| Summary: | geo-rep+sharding : Checkpoint reports completion, but all files are not copied to slave | ||||||
|---|---|---|---|---|---|---|---|
| Product: | Red Hat Gluster Storage | Reporter: | Sahina Bose <sabose> | ||||
| Component: | geo-replication | Assignee: | Bug Updates Notification Mailing List <rhs-bugs> | ||||
| Status: | CLOSED NOTABUG | QA Contact: | storage-qa-internal <storage-qa-internal> | ||||
| Severity: | high | Docs Contact: | |||||
| Priority: | high | ||||||
| Version: | rhgs-3.1 | CC: | avishwan, chrisw, csaba, nlevinki, rhinduja, sasundar | ||||
| Target Milestone: | --- | ||||||
| Target Release: | --- | ||||||
| Hardware: | Unspecified | ||||||
| OS: | Unspecified | ||||||
| Whiteboard: | |||||||
| Fixed In Version: | Doc Type: | Bug Fix | |||||
| Doc Text: | Story Points: | --- | |||||
| Clone Of: | Environment: | ||||||
| Last Closed: | 2016-04-26 05:57:52 UTC | Type: | Bug | ||||
| Regression: | --- | Mount Type: | --- | ||||
| Documentation: | --- | CRM: | |||||
| Verified Versions: | Category: | --- | |||||
| oVirt Team: | --- | RHEL 7.3 requirements from Atomic Host: | |||||
| Cloudforms Team: | --- | Target Upstream Version: | |||||
| Bug Depends On: | |||||||
| Bug Blocks: | 1258386 | ||||||
| Attachments: |
|
||||||
|
Description
Sahina Bose
2016-04-22 14:30:54 UTC
Created attachment 1149770 [details]
geo-rep-logs-from-master
RCA:
The issue was due to deleting stime xattrs only from brick root and not from all dirs.

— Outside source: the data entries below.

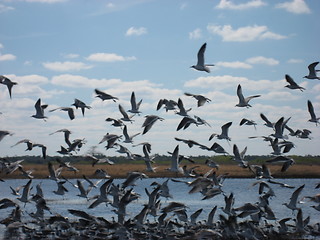 Image showing Birds flying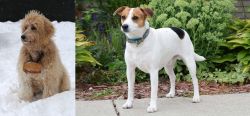 Pyredoodle vs Danish Swedish Farmdog - Breed Comparison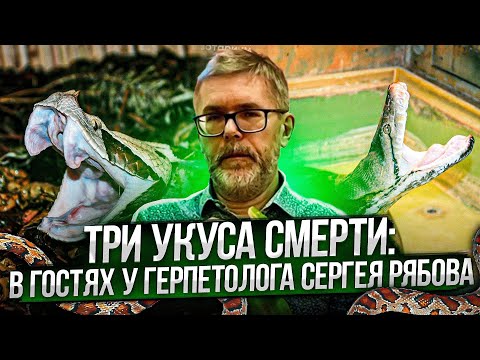 Видео: Три укуса смерти: В гостях у герпетолога Сергея Рябова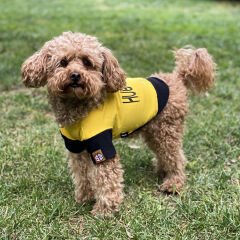 Salya Hug Please Köpek Yazlık T-shirt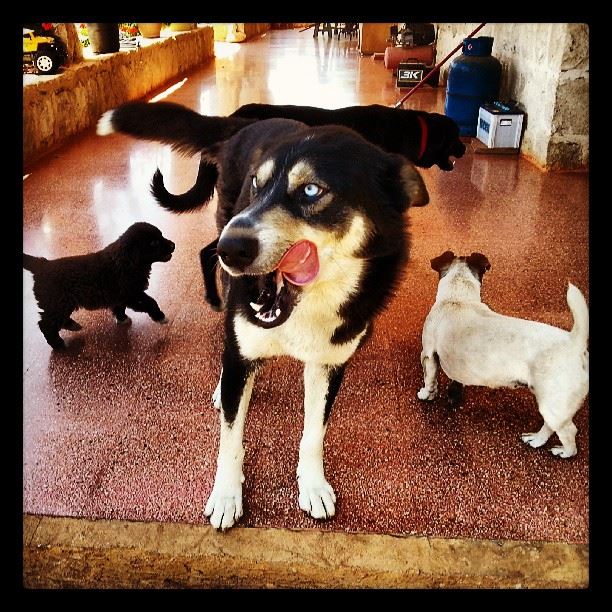  husky  dogs  Puppy  BlueEyes  cute  love  lebanon  sunday ...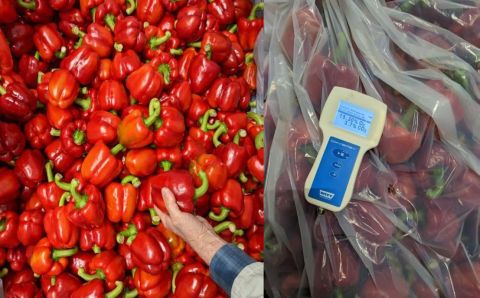 Envalior_Arnitel TPC film.jpg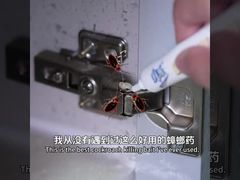 ยาฆ่าแมลงชีวภาพ เจลเหยื่อกำจัดแมลงสาบ ตัวเต็มวัย ตัวอ่อน ไข่ กำจัดแมลงสาบ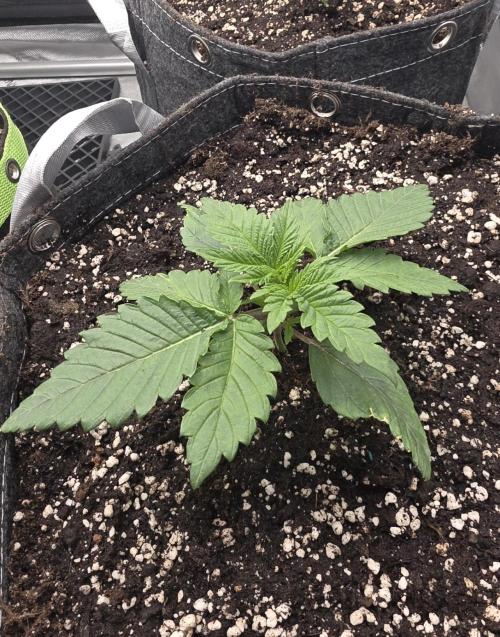 Orange Creampop - HSC. Week 3 - Day 16
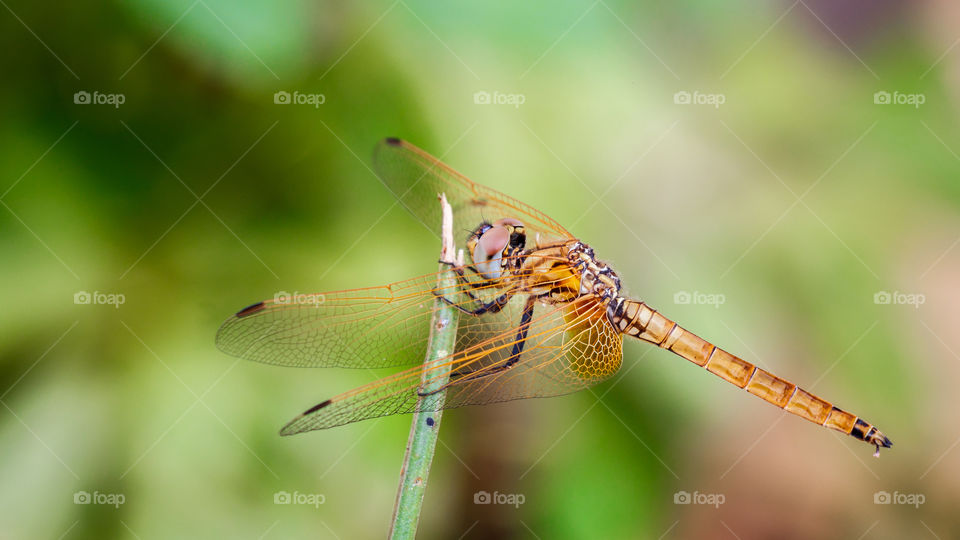 Yellow Dragonfly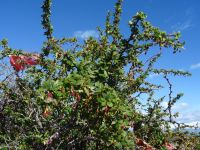 Calafate-Frucht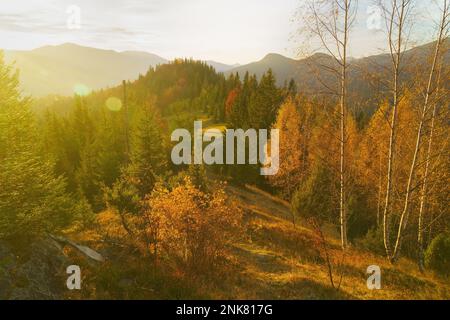 Wunderschöne Morgenlandschaft. Farbenfrohe Herbstbäume auf einem Hügel in den Karpaten in der Ukraine. Farbiger Sonnenaufgang an bewaldeten Berghängen. Malerische ruhige Stimmung b Stockfoto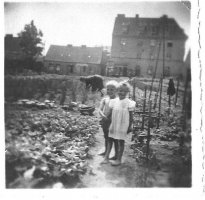 W ogrodzie pana Kellermana przy ul.Buczka. W tle budynek gdzie był sklep ( przy ul.Majewskiego), w którym sprzedawała p.Czajkowska.Niski budynek obok jest wyburzony.Dzieci to Magdzia i Marian Miotk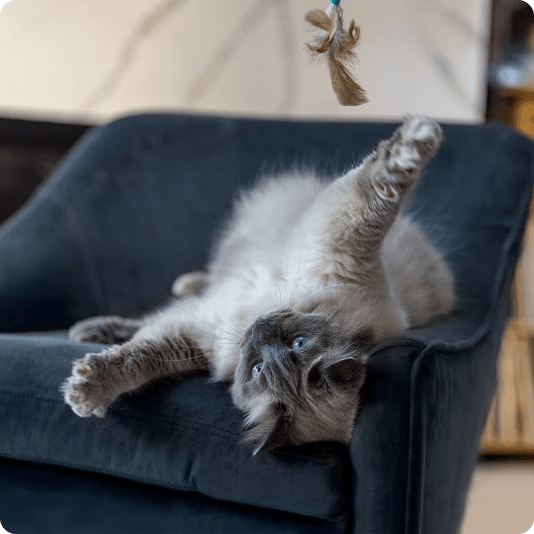 Gato con expresión de malestar descansando en su cama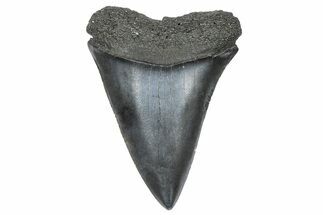 Fossil Broad-Toothed Mako Tooth - South Carolina #360916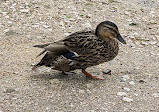 Kingsbury Water Park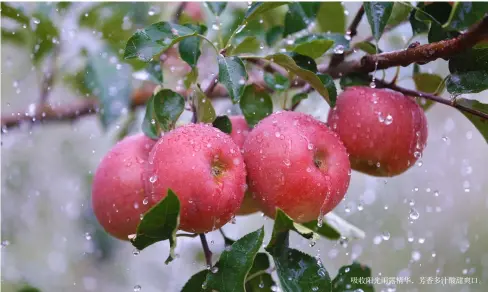  ??  ?? 吸收阳光雨露精华，芳香多汁酸甜爽口。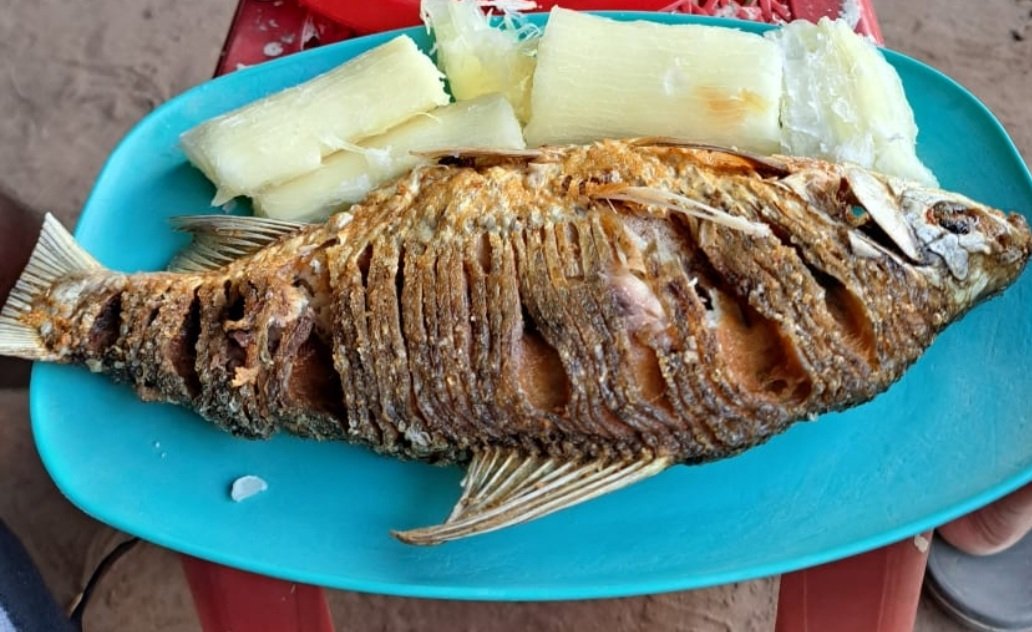 🍃🌸𝕰𝕽𝕴𝕹🌸🍃 tweet media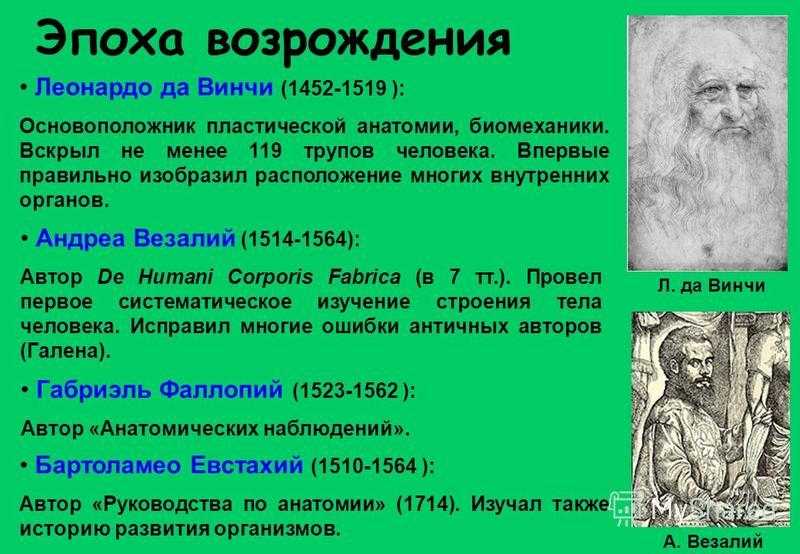 Медицина средневековой западной европы (v–xvii вв.) | контент-платформа pandia.ru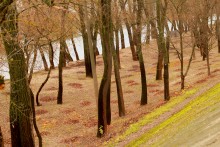Park / ***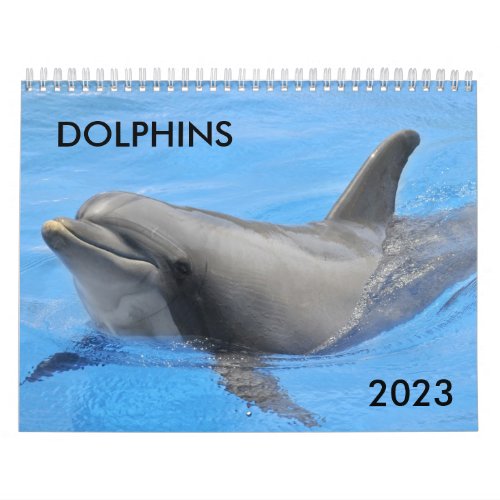 Bottlenose dolphins calendar
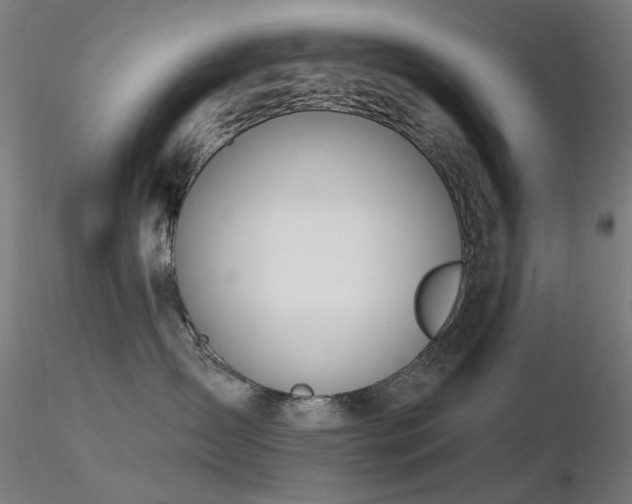 X0000116830431200912181438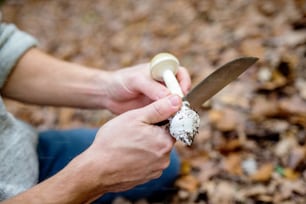 Homme méconnaissable dans une forêt d’automne tenant un mushoom dans ses mains, le nettoyant avec un couteau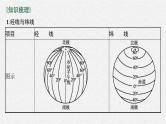 2022届高考地理(中图版)一轮复习课件第一章地球与地图第1讲经纬网与地图三要素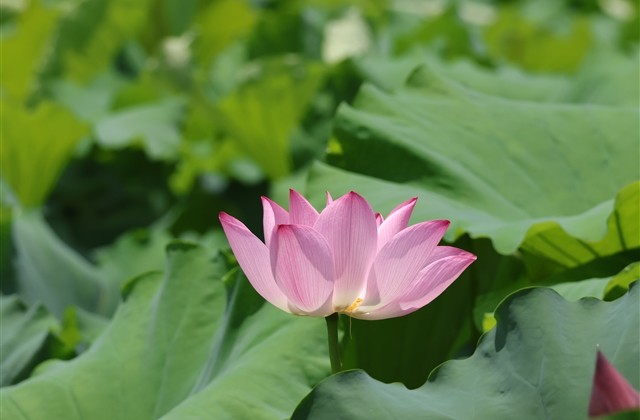 充满阳光的昵称网名(精选223个)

Hybrid Crawl(Filesystem crawl during initial sync) will compare xtime and stime. where xtime is like modification time set by marker translator on every change. stime is Slave time which indicates till what time Slave is in sync with Master. stime is maintained in Brick root as well as on directories. Xtime will be available in all files and directories.
/(xtime=10, stime=8)
d1/(xtime=10, stime=8)
f1(xtime=10)
f2(xtime=7)
d2/(xtime=7, stime=7)
f3(xtime=6)
f4(xtime=7)
Above directory structure shows two directories d1, d2 and two files in each directories. Hybrid crawl detects the files and directories need to be synced based on xtime > stime. In the above example, Hybrid crawl picks only "d1/f1" to be synced.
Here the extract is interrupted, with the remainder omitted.